Luke 15: 1-10

Dear Friends,

We hope this week's devotional will encourage you in your spiritual walk. We give thanks to Michael Lund, Library Manager, for writing this devotional.

You are welcome to share this and include it in your church newsletters if you wish; we just ask that you please give credit to NTC and the author. Thank you!

Luke 15:1-10 (NRSVUE)

1 Now all the tax collectors and sinners were coming near to listen to him. 2 And the Pharisees and the scribes were grumbling and saying, “This fellow welcomes sinners and eats with them.”

3 So he told them this parable: 4 “Which one of you, having a hundred sheep and losing one of them, does not leave the ninety-nine in the wilderness and go after the one that is lost until he finds it? 5 And when he has found it, he lays it on his shoulders and rejoices. 6 And when he comes home, he calls together his friends and neighbors, saying to them, ‘Rejoice with me, for I have found my lost sheep.’ 7 Just so, I tell you, there will be more joy in heaven over one sinner who repents than over ninety-nine righteous persons who need no repentance.

8 “Or what woman having ten silver coins, if she loses one of them, does not light a lamp, sweep the house, and search carefully until she finds it? 9 And when she has found it, she calls together her friends and neighbors, saying, ‘Rejoice with me, for I have found the coin that I had lost.’ 10 Just so, I tell you, there is joy in the presence of the angels of God over one sinner who repents.”

Devotional

Today’s devotional looks at the first two in a group of three parables looking at the lost. This passage occurs after Jesus eating with the Pharisees, his parables of the great feast (14:1-24) and his teaching on the cost of discipleship (14:25-34). Seeing the tax collectors and sinners drawing near to Jesus and listening to his teaching, the Pharisees and scribes begin to grumble and murmur. This grumbling, echoing the Israelites’ grumbling against Moses in Exodus (Culpepper, NIB: Luke, pp. 295), is because Jesus’s response to the sinners and tax collectors wasn’t sending them away, nor withdrawing from them, but accepting and befriending them.

It's in this situation with the religious leaders’ self-righteousness and disparaging of sinners (and Jesus) that Jesus begins to teach. He builds from lesser to greater, from parables about lost livestock and coins to lost people. Throughout there’s contrast of the relative wealth of the man who owns a hundred sheep compared to relative poorness of woman with ten silver coins. It’s noteworthy that Jesus’s parables here don’t contrast the righteous and wicked like other parables or many of the OT passages do, but highlights the lost and the found (Neale, NBBC: Luke 9-24, pp. 136-37). As Neale notes, the coin [and the sheep] is not lost because of its wickedness, but because it wasn’t in its ‘usual place’ where it belonged with the other coins [or sheep].

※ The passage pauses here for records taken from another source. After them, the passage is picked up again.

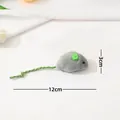 Gray plush mouse catnip toy with green woven tail, dimensions shown as 12cm by 3cm - Style 3 (HDD)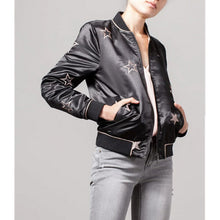 Reversible Coat Star Embroidery Jacket Women Stand collar Black Beige color Bomber Jacket Coat Pilots Outerwear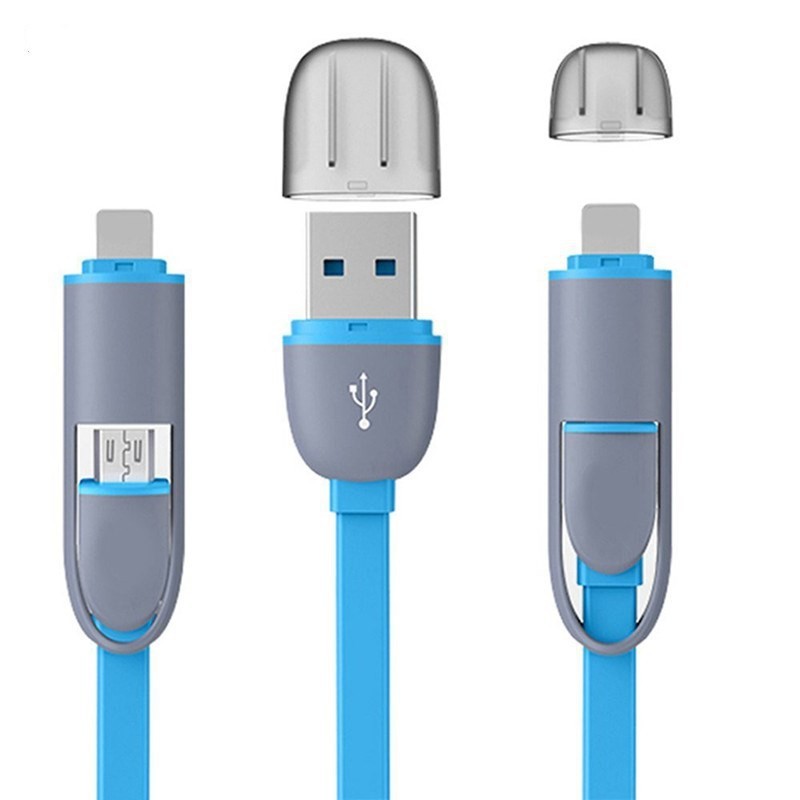 Dây Cáp Sạc 1M 2 Trong 1 Cổng Lightning Micro Usb Cho Điện Thoại Android Iphone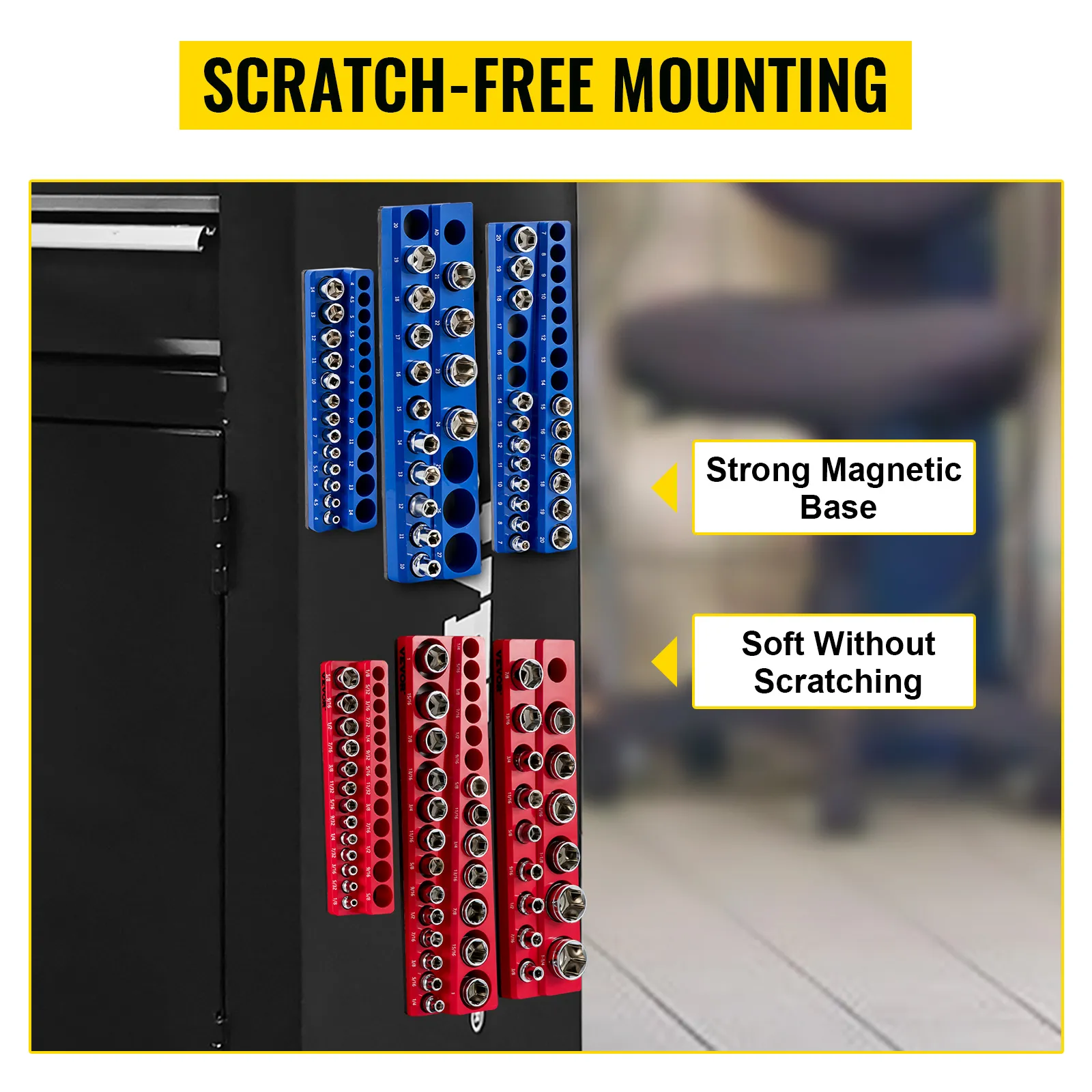 VEVOR magnetic socket organizer mounted on cabinet, featuring blue and red holder trays with sockets.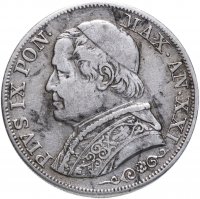 купить Папская область 1 лира (lira) 1866 Надпись "PIVS IX PON." на аверсе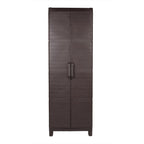 26" Espresso Plastic Square Paneled Accent Cabinet With Two Doors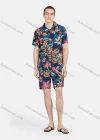 Wholesale Men's Vacation Button Down Short Sleeve Allover Tropical Floral Print 2 Piece Set - Liuhuamall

The owner of the sheep uproots his usual routine, leaving the 99 sheep in relative safety, to find the lost sheep. Similarly, the woman turns her house upside down in seeking the coin. The focus of these parables isn’t on the sinners’ repentance as such (vv. 7, 10), but on the communal celebration when the lost are found and restored to their rightful place in community. “Rejoice with me, for I have found my lost sheep,” and “Rejoice with me, for I have found the coin that I had lost” (vv. 6, 9).

We must ask ourselves, does the lost sheep get travel sickness on the shoulders of the dancing shepherd (v. 5)? More importantly, are we looking down on others, or too busy focusing on our own lives that we don’t divert from our routines to seek the lost? Do we celebrate when the lost are found and returned to their home within God’s community? Do we have the same “concerns of a father’s heart for his own children, each one of whom is singularly precious in his sight?” (Nolland, Word: Luke, pp. 766)


Prayer

Dear Lord, we pray you soften our hearts for the lost. Help us to love them, and reach them so they can be returned to their place as your child in loving community, even if they have never experienced this before. Helps us to see each person as precious in your sight. Amen.